* TASK DIRECTIONS
All entries are to be reproduced exactly; the pictures are to be omitted.
--- SUPPLIED DATA ---
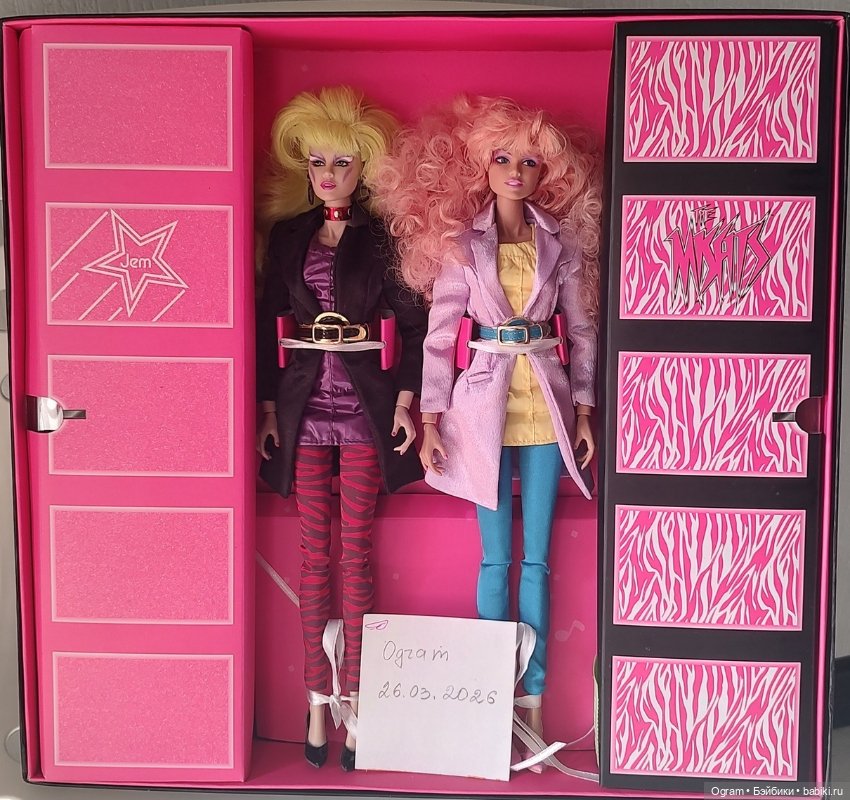 Jem and the holograms in stitches duets (фото 8)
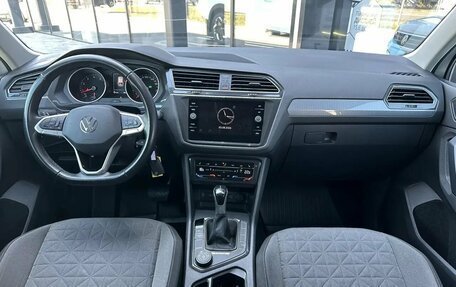 Volkswagen Tiguan II, 2021 год, 2 697 000 рублей, 9 фотография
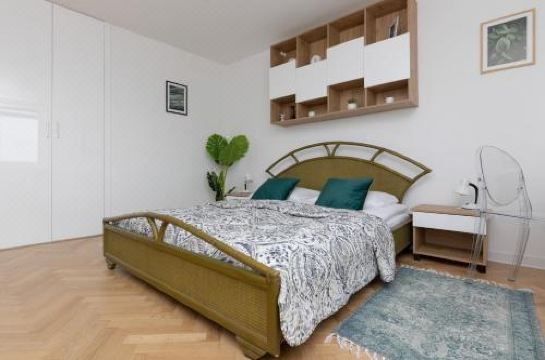 Elegant Warsaw Apartment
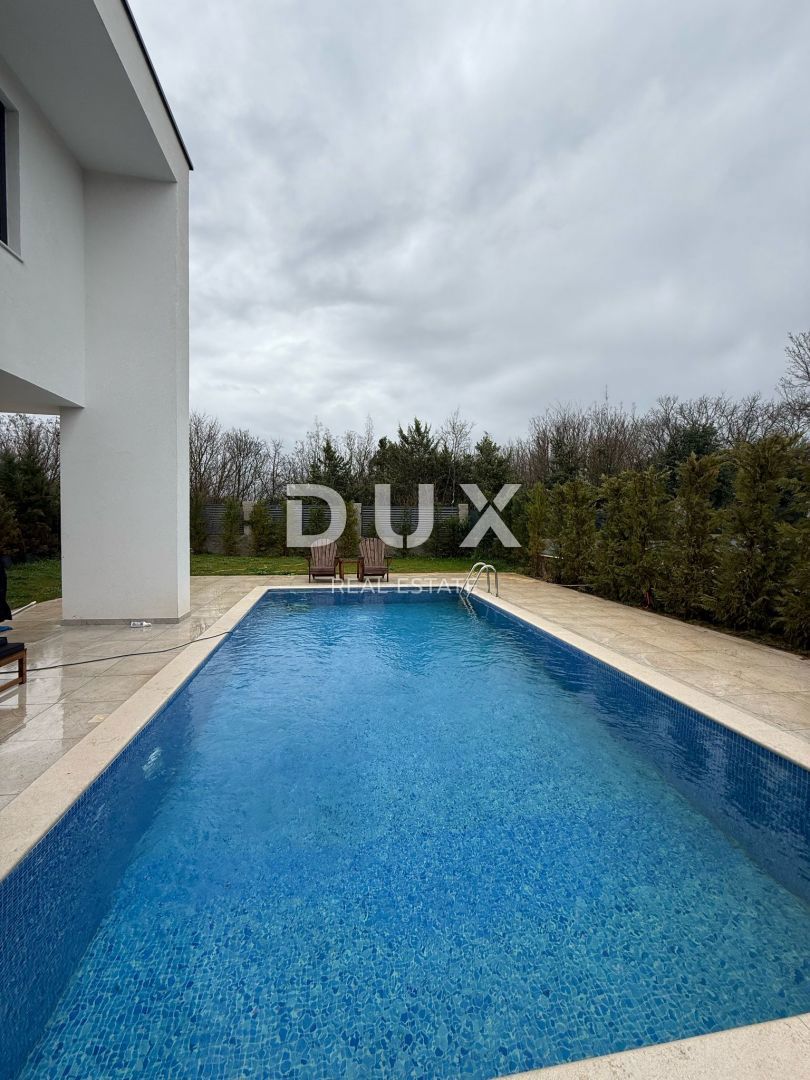 ISTRIA, ROVIGNO - Nuovo edificio moderno con piscina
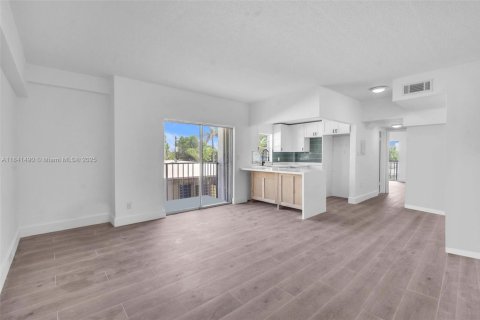 Condo in Miami Beach, Florida, 1 bedroom  № 1962822 - photo 1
---
* FINAL ANSWER
 Jem and the holograms in stitches duets (фото 8)
 Volkswagen Tiguan II, 2021 год, 2 697 000 рублей, 9 фотография
 Elegant Warsaw Apartment
 ISTRIA, ROVIGNO - Nuovo edificio moderno con piscina
 Condo in Miami Beach, Florida, 1 bedroom  № 1962822 - photo 1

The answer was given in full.